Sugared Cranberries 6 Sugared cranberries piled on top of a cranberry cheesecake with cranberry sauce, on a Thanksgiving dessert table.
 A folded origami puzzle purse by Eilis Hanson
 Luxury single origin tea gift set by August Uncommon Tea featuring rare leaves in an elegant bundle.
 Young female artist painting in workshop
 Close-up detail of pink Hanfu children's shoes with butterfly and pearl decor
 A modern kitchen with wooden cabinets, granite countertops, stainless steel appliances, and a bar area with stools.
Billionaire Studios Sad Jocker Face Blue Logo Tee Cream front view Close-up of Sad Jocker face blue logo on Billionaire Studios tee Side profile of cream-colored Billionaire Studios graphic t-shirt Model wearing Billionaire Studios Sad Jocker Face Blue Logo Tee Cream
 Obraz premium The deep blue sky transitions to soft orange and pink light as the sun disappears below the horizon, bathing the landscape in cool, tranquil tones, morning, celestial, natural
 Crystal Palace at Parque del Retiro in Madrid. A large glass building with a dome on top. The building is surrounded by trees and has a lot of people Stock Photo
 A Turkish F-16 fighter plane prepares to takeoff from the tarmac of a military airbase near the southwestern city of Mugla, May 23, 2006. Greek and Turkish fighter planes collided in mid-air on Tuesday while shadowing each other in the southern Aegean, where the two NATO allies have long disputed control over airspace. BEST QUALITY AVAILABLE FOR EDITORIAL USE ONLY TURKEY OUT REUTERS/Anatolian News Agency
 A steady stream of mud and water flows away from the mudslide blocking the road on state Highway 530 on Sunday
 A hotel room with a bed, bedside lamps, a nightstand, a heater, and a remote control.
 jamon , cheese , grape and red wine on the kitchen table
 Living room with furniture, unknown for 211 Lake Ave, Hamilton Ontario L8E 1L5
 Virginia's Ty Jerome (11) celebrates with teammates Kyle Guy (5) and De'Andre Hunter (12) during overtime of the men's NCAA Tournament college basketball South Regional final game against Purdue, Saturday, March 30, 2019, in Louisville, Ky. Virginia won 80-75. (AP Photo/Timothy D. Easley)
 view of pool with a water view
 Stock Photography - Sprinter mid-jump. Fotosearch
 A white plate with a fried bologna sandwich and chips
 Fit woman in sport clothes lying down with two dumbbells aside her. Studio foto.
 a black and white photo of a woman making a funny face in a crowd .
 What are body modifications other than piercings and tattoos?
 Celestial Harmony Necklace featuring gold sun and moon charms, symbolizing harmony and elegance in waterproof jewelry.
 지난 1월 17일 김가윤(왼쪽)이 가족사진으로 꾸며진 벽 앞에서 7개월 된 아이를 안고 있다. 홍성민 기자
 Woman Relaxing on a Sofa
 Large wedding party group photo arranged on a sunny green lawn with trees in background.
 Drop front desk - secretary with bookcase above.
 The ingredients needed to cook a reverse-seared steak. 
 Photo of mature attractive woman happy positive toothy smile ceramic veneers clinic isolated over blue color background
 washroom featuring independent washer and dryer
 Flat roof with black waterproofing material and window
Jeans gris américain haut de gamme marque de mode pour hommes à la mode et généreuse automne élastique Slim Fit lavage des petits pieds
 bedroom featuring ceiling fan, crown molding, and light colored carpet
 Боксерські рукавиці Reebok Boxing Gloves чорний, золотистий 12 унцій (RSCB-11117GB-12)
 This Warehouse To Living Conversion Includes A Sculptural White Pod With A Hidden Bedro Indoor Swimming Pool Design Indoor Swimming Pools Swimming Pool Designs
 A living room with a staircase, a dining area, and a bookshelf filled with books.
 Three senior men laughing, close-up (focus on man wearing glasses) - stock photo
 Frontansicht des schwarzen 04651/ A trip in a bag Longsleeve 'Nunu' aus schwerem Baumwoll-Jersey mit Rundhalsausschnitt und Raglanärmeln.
#####
_EXERCISE DESCRIPTION_: With no line omitted, copy all the data exactly.

_SOLUTION TO THIS TASK_:
Sugared Cranberries 6 Sugared cranberries piled on top of a cranberry cheesecake with cranberry sauce, on a Thanksgiving dessert table.
 A folded origami puzzle purse by Eilis Hanson
 Luxury single origin tea gift set by August Uncommon Tea featuring rare leaves in an elegant bundle.
 Young female artist painting in workshop
 Close-up detail of pink Hanfu children's shoes with butterfly and pearl decor
 A modern kitchen with wooden cabinets, granite countertops, stainless steel appliances, and a bar area with stools.
Billionaire Studios Sad Jocker Face Blue Logo Tee Cream front view Close-up of Sad Jocker face blue logo on Billionaire Studios tee Side profile of cream-colored Billionaire Studios graphic t-shirt Model wearing Billionaire Studios Sad Jocker Face Blue Logo Tee Cream
 Obraz premium The deep blue sky transitions to soft orange and pink light as the sun disappears below the horizon, bathing the landscape in cool, tranquil tones, morning, celestial, natural
 Crystal Palace at Parque del Retiro in Madrid. A large glass building with a dome on top. The building is surrounded by trees and has a lot of people Stock Photo
 A Turkish F-16 fighter plane prepares to takeoff from the tarmac of a military airbase near the southwestern city of Mugla, May 23, 2006. Greek and Turkish fighter planes collided in mid-air on Tuesday while shadowing each other in the southern Aegean, where the two NATO allies have long disputed control over airspace. BEST QUALITY AVAILABLE FOR EDITORIAL USE ONLY TURKEY OUT REUTERS/Anatolian News Agency
 A steady stream of mud and water flows away from the mudslide blocking the road on state Highway 530 on Sunday
 A hotel room with a bed, bedside lamps, a nightstand, a heater, and a remote control.
 jamon , cheese , grape and red wine on the kitchen table
 Living room with furniture, unknown for 211 Lake Ave, Hamilton Ontario L8E 1L5
 Virginia's Ty Jerome (11) celebrates with teammates Kyle Guy (5) and De'Andre Hunter (12) during overtime of the men's NCAA Tournament college basketball South Regional final game against Purdue, Saturday, March 30, 2019, in Louisville, Ky. Virginia won 80-75. (AP Photo/Timothy D. Easley)
 view of pool with a water view
 Stock Photography - Sprinter mid-jump. Fotosearch
 A white plate with a fried bologna sandwich and chips
 Fit woman in sport clothes lying down with two dumbbells aside her. Studio foto.
 a black and white photo of a woman making a funny face in a crowd .
 What are body modifications other than piercings and tattoos?
 Celestial Harmony Necklace featuring gold sun and moon charms, symbolizing harmony and elegance in waterproof jewelry.
 지난 1월 17일 김가윤(왼쪽)이 가족사진으로 꾸며진 벽 앞에서 7개월 된 아이를 안고 있다. 홍성민 기자
 Woman Relaxing on a Sofa
 Large wedding party group photo arranged on a sunny green lawn with trees in background.
 Drop front desk - secretary with bookcase above.
 The ingredients needed to cook a reverse-seared steak. 
 Photo of mature attractive woman happy positive toothy smile ceramic veneers clinic isolated over blue color background
 washroom featuring independent washer and dryer
 Flat roof with black waterproofing material and window
Jeans gris américain haut de gamme marque de mode pour hommes à la mode et généreuse automne élastique Slim Fit lavage des petits pieds
 bedroom featuring ceiling fan, crown molding, and light colored carpet
 Боксерські рукавиці Reebok Boxing Gloves чорний, золотистий 12 унцій (RSCB-11117GB-12)
 This Warehouse To Living Conversion Includes A Sculptural White Pod With A Hidden Bedro Indoor Swimming Pool Design Indoor Swimming Pools Swimming Pool Designs
 A living room with a staircase, a dining area, and a bookshelf filled with books.
 Three senior men laughing, close-up (focus on man wearing glasses) - stock photo
 Frontansicht des schwarzen 04651/ A trip in a bag Longsleeve 'Nunu' aus schwerem Baumwoll-Jersey mit Rundhalsausschnitt und Raglanärmeln.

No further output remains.